* [PROBLEM DETAILS]
Could the data below be copied exactly, minus the pictures?

* [COLLECTED DATA]
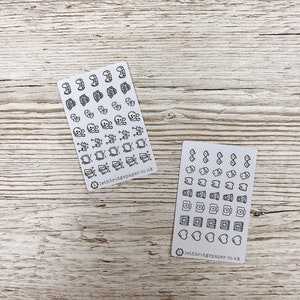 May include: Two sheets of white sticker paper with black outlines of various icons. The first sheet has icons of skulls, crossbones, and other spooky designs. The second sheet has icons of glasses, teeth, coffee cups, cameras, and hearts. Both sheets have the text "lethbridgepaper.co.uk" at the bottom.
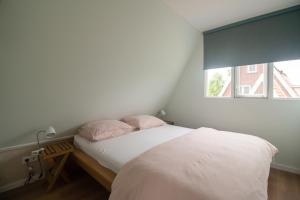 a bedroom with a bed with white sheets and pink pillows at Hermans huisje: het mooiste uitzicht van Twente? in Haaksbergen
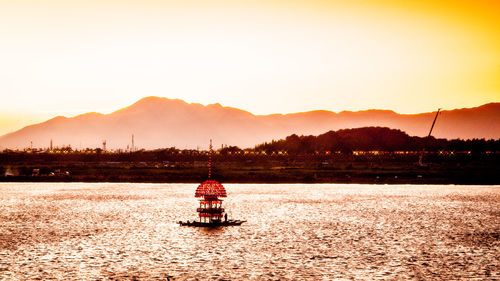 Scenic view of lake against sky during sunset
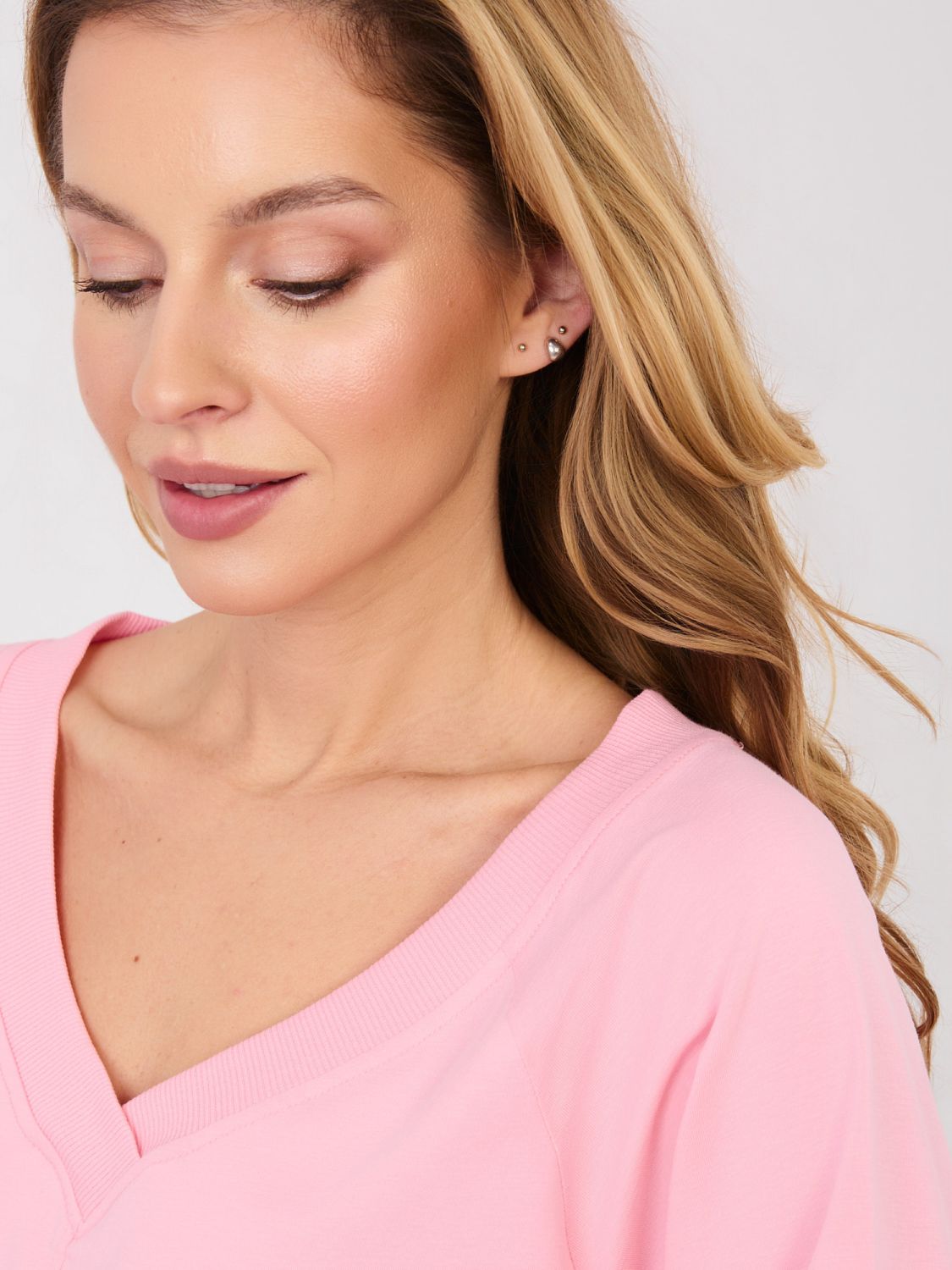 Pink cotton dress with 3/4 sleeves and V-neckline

* [EXPECTED ANSWER]
 May include: Two sheets of white sticker paper with black outlines of various icons. The first sheet has icons of skulls, crossbones, and other spooky designs. The second sheet has icons of glasses, teeth, coffee cups, cameras, and hearts. Both sheets have the text "lethbridgepaper.co.uk" at the bottom.
 a bedroom with a bed with white sheets and pink pillows at Hermans huisje: het mooiste uitzicht van Twente? in Haaksbergen
 Scenic view of lake against sky during sunset
 Pink cotton dress with 3/4 sleeves and V-neckline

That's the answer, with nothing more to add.